With the help of financial and land donations from the community, and other funding agencies, LPBLT is able to acquire important ecological sites containing Carolinian forests, wetlands and savannas for conservation. LPBLT’s five nature reserves provide important wildlife habitat corridors, connect fragmented woodlands, increase valuable forest interior habitat, improve and protect water quality, and provide habitat for many species at risk. You can help by reporting biodiversity spotted in our reserves.
Strongman – Guiler Conservation Legacy: Protection on Lake Erie shoreline, Carolinian forest and a vital stream corridor
On the Lake Erie shoreline in Norfolk County, Strongman – Guiler Nature Reserve is a beautiful 52-acre site along Fisher’s Creek. It includes Carolinian woodlands, deep ravines, 1400 feet of shoreline and impressive bluffs and beaches. With intensive development pressure on lakefront areas, this property has given us a rare opportunity to protect in perpetuity a large and ecologically-significant natural area.
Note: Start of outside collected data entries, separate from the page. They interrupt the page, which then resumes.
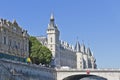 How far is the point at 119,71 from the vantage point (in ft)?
356

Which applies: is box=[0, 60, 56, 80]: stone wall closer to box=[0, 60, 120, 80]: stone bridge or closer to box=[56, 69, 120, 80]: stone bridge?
box=[0, 60, 120, 80]: stone bridge

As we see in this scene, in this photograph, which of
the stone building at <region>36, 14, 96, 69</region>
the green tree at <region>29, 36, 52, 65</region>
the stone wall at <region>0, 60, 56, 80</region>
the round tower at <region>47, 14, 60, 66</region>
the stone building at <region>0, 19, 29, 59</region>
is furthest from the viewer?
the stone building at <region>36, 14, 96, 69</region>

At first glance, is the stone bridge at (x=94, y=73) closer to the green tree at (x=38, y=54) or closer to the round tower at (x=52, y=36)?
the green tree at (x=38, y=54)

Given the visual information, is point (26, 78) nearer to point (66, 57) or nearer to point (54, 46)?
point (54, 46)

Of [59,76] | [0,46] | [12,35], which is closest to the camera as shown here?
[0,46]

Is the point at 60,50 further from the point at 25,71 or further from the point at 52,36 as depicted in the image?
the point at 25,71

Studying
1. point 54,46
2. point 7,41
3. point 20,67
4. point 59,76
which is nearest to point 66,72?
point 59,76

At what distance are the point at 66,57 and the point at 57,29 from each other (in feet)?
70.4

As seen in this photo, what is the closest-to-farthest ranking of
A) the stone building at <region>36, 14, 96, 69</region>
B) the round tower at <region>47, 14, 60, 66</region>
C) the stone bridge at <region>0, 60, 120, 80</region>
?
1. the stone bridge at <region>0, 60, 120, 80</region>
2. the round tower at <region>47, 14, 60, 66</region>
3. the stone building at <region>36, 14, 96, 69</region>

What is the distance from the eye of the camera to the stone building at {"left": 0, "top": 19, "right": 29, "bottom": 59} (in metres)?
98.2

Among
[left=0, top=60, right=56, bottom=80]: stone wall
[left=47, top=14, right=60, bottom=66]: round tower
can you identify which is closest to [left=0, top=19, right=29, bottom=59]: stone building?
[left=0, top=60, right=56, bottom=80]: stone wall

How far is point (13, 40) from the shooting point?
104688 mm

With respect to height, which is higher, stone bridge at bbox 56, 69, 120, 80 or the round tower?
the round tower

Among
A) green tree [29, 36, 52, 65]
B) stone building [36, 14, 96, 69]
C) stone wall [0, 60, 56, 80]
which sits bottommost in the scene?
stone wall [0, 60, 56, 80] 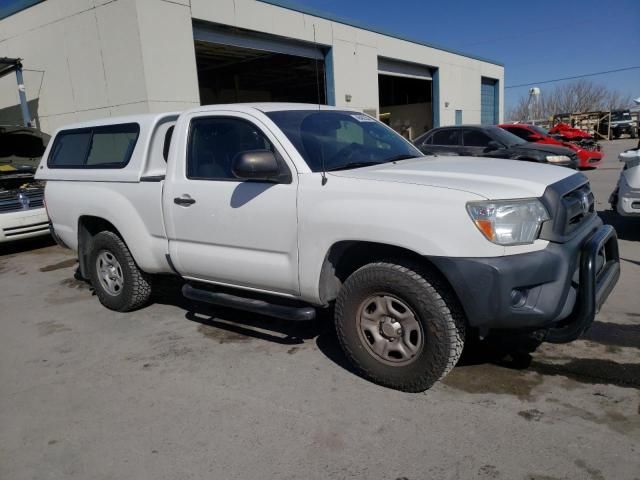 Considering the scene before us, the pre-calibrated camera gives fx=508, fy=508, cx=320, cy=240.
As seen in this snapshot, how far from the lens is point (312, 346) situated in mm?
4105

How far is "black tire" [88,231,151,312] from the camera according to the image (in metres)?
4.91

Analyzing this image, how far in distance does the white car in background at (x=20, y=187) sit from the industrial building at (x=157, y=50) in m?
2.41

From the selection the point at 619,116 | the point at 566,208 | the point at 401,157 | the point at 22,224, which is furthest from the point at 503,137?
the point at 619,116

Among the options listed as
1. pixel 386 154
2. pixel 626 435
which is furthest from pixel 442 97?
pixel 626 435

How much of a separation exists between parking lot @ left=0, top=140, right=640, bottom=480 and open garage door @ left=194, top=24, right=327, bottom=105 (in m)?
6.76

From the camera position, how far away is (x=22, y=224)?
8109mm

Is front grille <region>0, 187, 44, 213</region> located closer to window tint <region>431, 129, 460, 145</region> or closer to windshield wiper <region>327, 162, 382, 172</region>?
windshield wiper <region>327, 162, 382, 172</region>

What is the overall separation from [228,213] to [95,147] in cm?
220

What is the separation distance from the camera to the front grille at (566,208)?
290 cm

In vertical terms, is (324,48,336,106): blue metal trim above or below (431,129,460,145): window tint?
above

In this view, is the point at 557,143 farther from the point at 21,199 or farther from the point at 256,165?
the point at 256,165

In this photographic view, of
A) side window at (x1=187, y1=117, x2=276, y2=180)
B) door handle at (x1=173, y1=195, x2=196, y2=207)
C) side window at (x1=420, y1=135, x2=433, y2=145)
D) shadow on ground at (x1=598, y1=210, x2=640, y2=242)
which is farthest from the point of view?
side window at (x1=420, y1=135, x2=433, y2=145)

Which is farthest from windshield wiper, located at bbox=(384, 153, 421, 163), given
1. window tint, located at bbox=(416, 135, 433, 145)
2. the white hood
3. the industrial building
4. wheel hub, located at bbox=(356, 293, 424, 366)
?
window tint, located at bbox=(416, 135, 433, 145)

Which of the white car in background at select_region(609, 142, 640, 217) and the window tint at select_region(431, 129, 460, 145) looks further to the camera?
the window tint at select_region(431, 129, 460, 145) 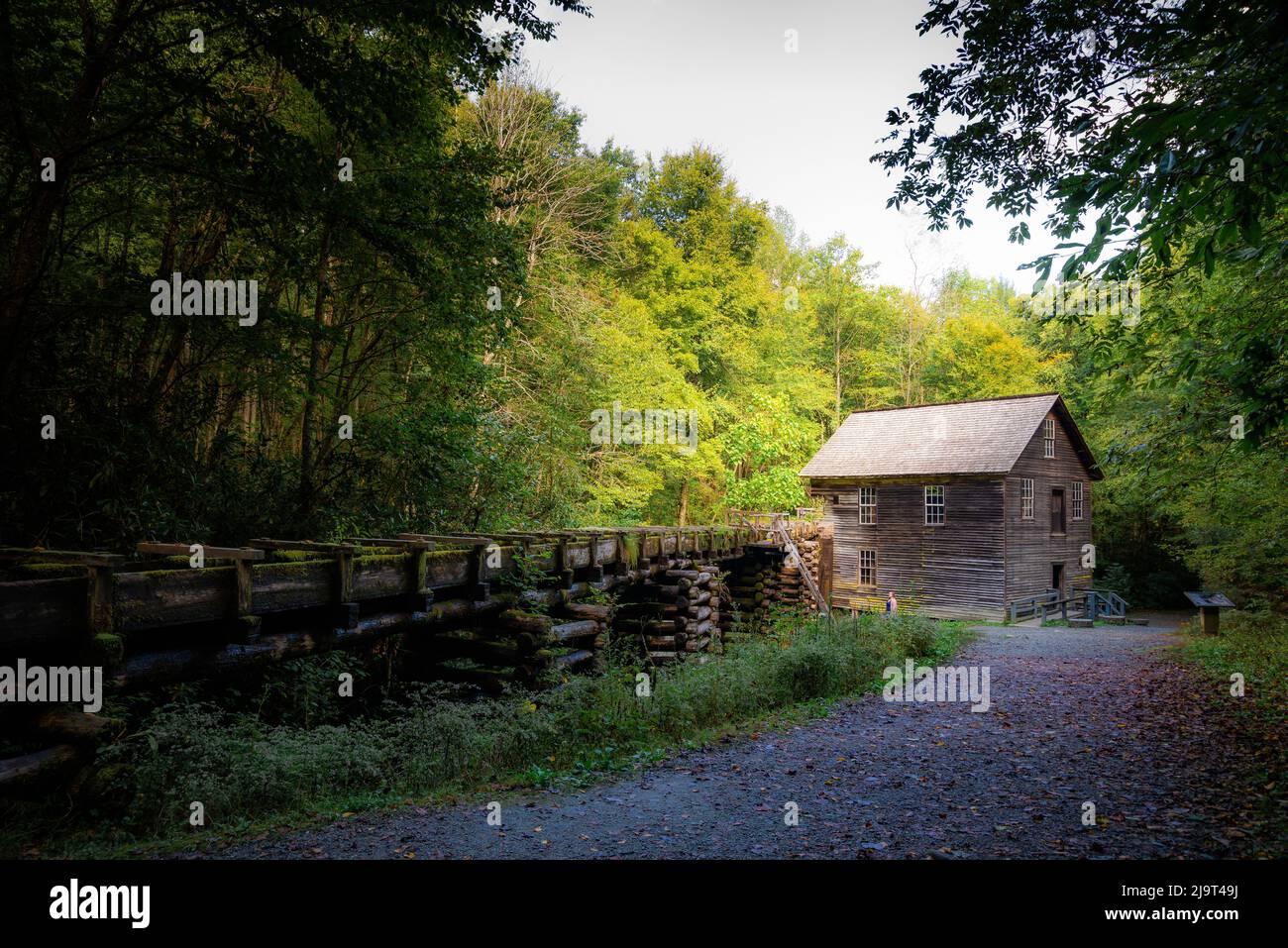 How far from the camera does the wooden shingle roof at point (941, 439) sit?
2577cm

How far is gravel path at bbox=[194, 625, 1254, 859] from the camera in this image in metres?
4.55

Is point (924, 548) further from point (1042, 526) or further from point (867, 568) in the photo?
point (1042, 526)

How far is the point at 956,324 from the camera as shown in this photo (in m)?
40.3

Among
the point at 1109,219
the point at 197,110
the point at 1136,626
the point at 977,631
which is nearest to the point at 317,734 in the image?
the point at 1109,219

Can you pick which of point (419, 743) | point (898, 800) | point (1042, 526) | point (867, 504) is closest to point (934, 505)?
point (867, 504)

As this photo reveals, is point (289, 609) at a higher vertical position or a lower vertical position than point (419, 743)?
higher

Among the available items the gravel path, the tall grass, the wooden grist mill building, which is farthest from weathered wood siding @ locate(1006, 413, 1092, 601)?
the tall grass

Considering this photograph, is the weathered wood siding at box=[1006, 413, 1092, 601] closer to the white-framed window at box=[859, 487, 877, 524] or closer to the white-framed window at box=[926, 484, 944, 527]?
the white-framed window at box=[926, 484, 944, 527]

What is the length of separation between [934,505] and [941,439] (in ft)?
10.2

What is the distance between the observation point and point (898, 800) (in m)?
5.69

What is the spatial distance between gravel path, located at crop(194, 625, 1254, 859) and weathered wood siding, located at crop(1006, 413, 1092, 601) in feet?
56.7

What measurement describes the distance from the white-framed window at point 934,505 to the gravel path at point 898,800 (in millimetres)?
17930

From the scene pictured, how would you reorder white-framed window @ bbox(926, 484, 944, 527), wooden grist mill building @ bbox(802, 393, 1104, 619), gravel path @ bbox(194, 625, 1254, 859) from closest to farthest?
gravel path @ bbox(194, 625, 1254, 859)
wooden grist mill building @ bbox(802, 393, 1104, 619)
white-framed window @ bbox(926, 484, 944, 527)

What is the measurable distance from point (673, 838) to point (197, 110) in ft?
38.8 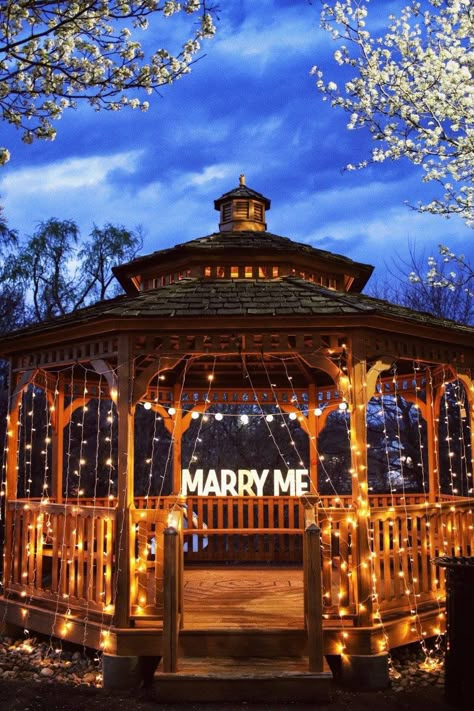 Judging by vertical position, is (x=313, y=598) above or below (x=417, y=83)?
below

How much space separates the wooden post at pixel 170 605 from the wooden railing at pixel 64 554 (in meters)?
1.02

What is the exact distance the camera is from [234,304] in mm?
7434

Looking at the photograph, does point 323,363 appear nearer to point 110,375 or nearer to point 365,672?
point 110,375

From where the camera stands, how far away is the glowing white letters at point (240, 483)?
1095 centimetres

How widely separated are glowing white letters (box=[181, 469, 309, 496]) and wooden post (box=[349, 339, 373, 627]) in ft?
13.2

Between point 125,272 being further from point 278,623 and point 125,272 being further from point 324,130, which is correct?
point 324,130

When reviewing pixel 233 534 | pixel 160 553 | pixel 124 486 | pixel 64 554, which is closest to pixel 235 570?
pixel 233 534

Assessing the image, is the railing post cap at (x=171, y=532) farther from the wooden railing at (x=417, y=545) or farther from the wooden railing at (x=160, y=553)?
the wooden railing at (x=417, y=545)

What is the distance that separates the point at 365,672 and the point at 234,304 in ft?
13.8

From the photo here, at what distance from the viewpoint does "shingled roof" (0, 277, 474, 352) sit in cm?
704

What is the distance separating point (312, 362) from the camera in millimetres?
7418

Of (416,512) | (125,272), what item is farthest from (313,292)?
(125,272)

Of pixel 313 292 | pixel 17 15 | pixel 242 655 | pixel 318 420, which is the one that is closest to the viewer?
pixel 17 15

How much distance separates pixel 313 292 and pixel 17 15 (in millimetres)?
4428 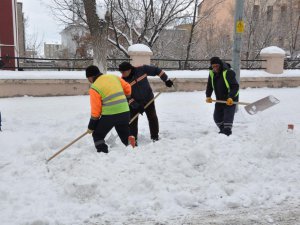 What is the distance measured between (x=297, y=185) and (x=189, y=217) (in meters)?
1.54

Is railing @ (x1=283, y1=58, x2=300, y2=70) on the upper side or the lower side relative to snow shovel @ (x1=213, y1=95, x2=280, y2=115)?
upper

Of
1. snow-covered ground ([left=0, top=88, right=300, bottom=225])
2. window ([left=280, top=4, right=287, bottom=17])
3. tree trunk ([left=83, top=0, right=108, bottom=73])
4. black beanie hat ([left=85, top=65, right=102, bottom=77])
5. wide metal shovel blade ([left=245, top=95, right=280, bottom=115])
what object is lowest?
snow-covered ground ([left=0, top=88, right=300, bottom=225])

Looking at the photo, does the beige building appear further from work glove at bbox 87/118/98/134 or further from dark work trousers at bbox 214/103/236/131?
work glove at bbox 87/118/98/134

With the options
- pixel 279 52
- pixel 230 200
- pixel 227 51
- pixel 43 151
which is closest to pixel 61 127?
pixel 43 151

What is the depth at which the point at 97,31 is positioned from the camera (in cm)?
940

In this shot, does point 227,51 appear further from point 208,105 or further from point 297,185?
point 297,185

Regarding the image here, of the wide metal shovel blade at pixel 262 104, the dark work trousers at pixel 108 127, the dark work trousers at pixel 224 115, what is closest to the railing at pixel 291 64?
the wide metal shovel blade at pixel 262 104

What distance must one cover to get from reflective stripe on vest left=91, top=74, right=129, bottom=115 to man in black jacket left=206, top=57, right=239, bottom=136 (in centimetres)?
183

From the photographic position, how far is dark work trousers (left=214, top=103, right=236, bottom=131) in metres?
6.06

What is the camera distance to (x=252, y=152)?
4.97 metres

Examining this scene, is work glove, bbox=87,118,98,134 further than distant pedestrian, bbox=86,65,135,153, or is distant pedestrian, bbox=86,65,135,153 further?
work glove, bbox=87,118,98,134

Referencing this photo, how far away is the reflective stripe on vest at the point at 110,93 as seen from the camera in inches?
189

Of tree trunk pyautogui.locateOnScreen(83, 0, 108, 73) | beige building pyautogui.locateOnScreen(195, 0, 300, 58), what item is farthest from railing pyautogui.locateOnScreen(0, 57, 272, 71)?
beige building pyautogui.locateOnScreen(195, 0, 300, 58)

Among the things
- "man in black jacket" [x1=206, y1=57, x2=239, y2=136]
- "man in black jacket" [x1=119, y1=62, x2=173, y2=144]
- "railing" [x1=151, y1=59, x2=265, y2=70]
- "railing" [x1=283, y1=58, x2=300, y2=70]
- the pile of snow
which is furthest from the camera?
"railing" [x1=283, y1=58, x2=300, y2=70] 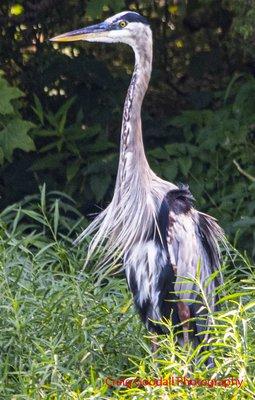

The different types of habitat found here link terrestrial and aquatic ecosystems along Fisher’s Creek, and create a wildlife corridor from the shoreline to areas such as Spooky Hollow Nature Reserve, Fisher’s Glen Conservation Area and Turkey Point Provincial Park. The reserve protects woodlands, red cedar savanna, cold-water fish habitat, coastal beaches and active sand bluffs, as well as habitat for species at risk and other flora and fauna. Not surprisingly, this undeveloped property was identified by many conservation groups as a top priority for securement and stewardship. Thanks to our generous supporters and funding provided by the Government of Canada’s Natural Areas Conservation Program as administered by the Nature Conservancy of Canada, LPBLT is able to help conserve this nature reserve.
The Strongman-Guiler nature reserve can be accessed through Front Rd. From Hwy 24, turn south onto Fisher’s Glen Rd., just south of Vittoria. Turn right onto Front Rd. in the town of Fisher’s Glen, the reserve is on the south side of the road.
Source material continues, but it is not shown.